→ **WHAT IS EXPECTED**
Return the lines of the listing below exactly as they appear, beginning at the one with "Now we are prepped" and stopping after the one with "My name is Susan"; do not include pictures.

··· RECORD EXCERPTS ···

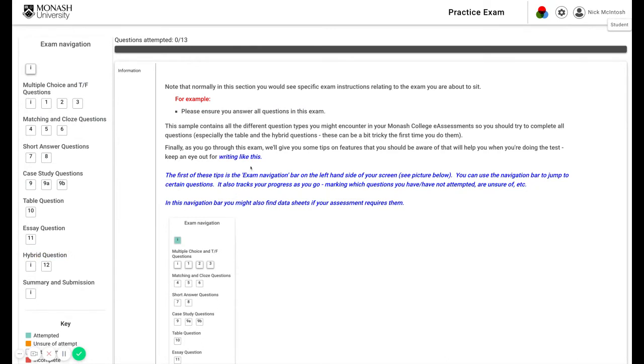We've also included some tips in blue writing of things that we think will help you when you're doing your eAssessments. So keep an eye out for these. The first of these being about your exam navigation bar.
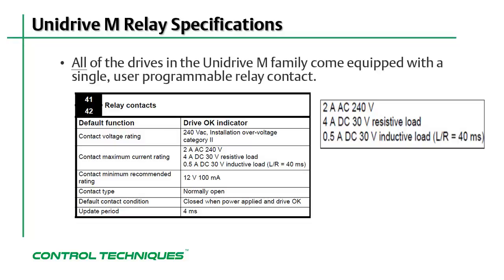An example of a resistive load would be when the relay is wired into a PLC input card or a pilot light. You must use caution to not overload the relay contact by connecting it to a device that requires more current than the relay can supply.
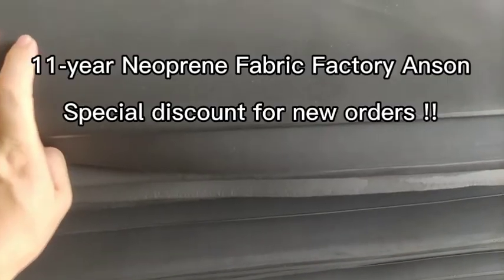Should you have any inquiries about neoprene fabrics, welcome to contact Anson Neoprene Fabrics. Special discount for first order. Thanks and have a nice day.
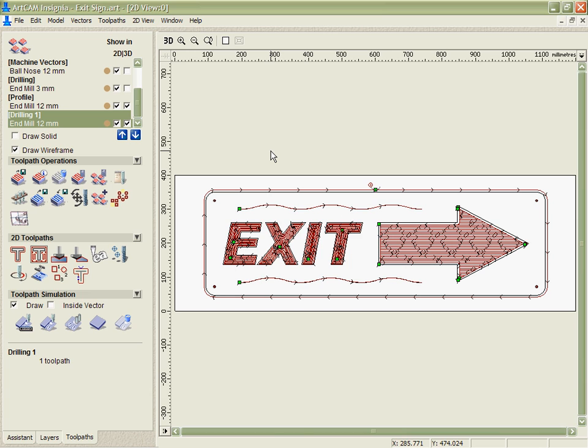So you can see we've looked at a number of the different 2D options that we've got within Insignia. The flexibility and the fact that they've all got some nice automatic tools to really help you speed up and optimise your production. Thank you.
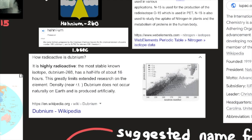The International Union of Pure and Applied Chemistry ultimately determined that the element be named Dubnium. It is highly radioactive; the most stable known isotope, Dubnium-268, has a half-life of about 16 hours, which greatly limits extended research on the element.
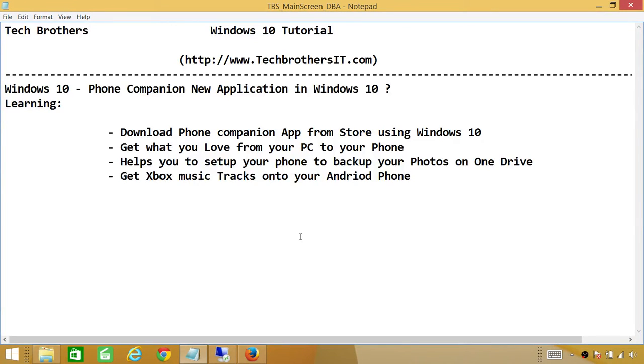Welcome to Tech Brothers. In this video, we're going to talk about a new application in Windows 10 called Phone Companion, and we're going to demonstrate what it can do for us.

···
··· RECORD EXCERPTS ···

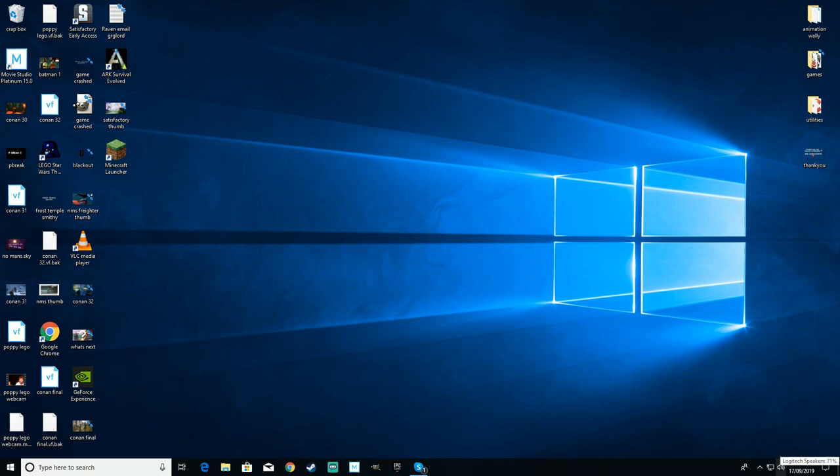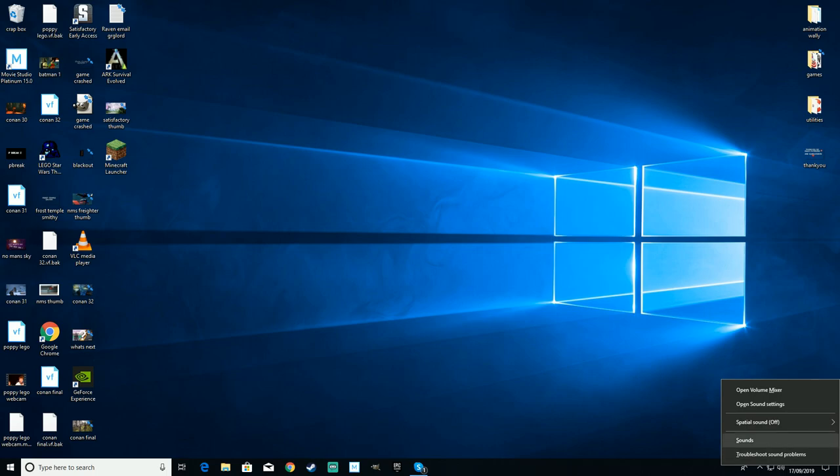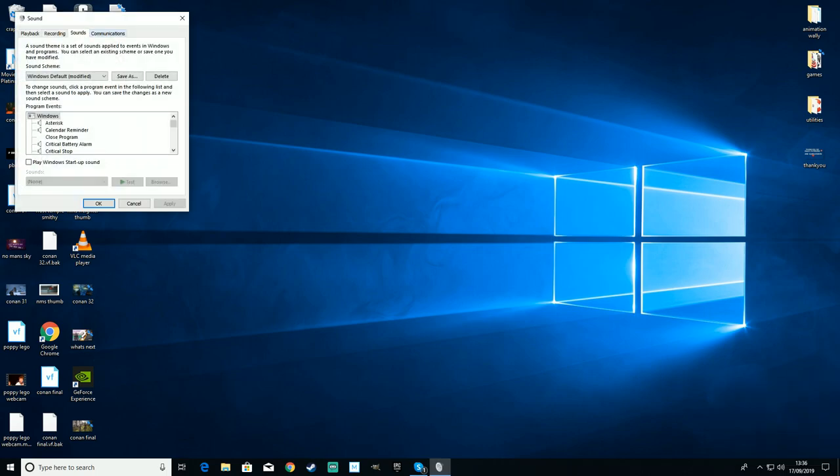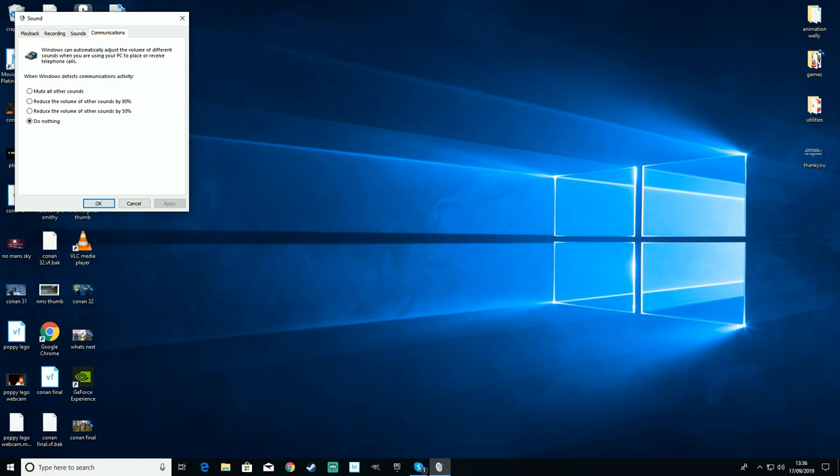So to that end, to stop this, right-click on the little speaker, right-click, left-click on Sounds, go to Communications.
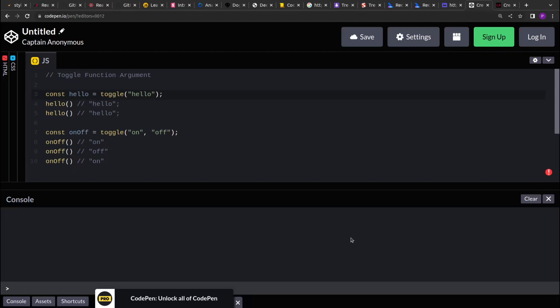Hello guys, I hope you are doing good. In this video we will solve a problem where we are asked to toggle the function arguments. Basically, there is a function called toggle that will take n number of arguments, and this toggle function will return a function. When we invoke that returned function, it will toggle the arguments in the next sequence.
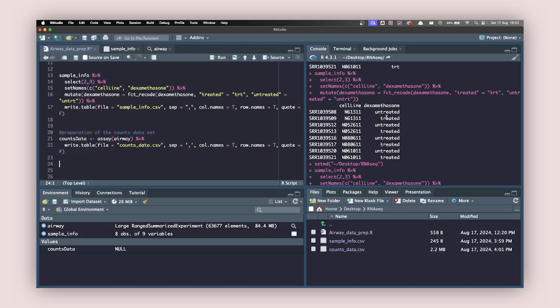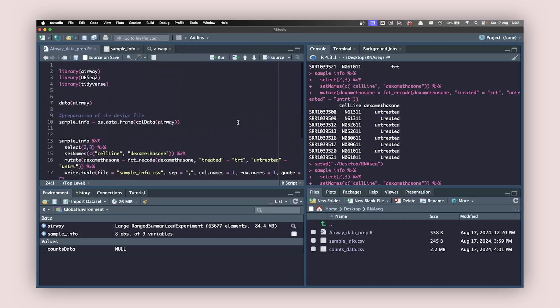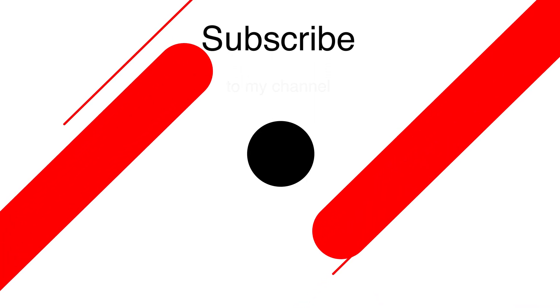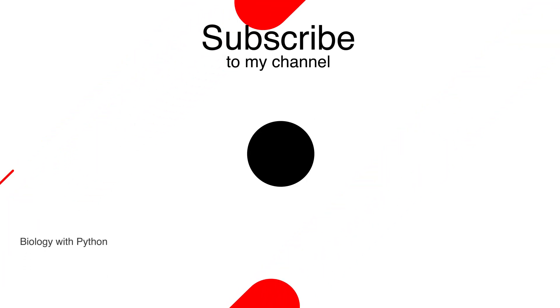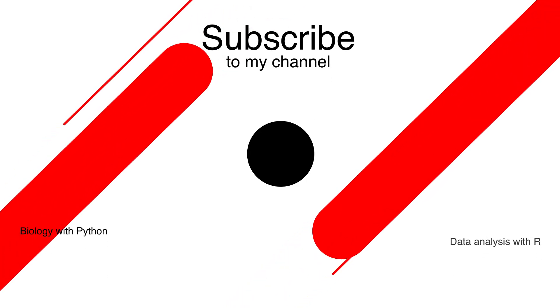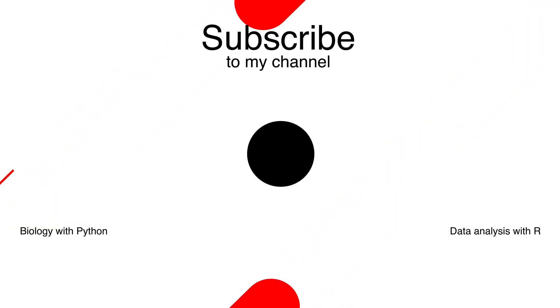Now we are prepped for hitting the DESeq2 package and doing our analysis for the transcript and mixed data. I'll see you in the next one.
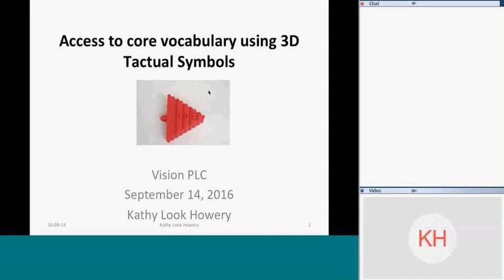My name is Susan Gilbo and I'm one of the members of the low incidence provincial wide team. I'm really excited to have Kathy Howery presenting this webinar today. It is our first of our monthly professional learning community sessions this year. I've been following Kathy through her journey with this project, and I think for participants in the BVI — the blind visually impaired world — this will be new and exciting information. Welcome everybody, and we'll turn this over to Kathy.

···

→ **ANSWER BOX**
Now we are prepped for hitting the DESeq2 package and doing our analysis for the transcript and mixed data. I'll see you in the next one.
My name is Susan Gilbo and I'm one of the members of the low incidence provincial wide team. I'm really excited to have Kathy Howery presenting this webinar today. It is our first of our monthly professional learning community sessions this year. I've been following Kathy through her journey with this project, and I think for participants in the BVI — the blind visually impaired world — this will be new and exciting information. Welcome everybody, and we'll turn this over to Kathy.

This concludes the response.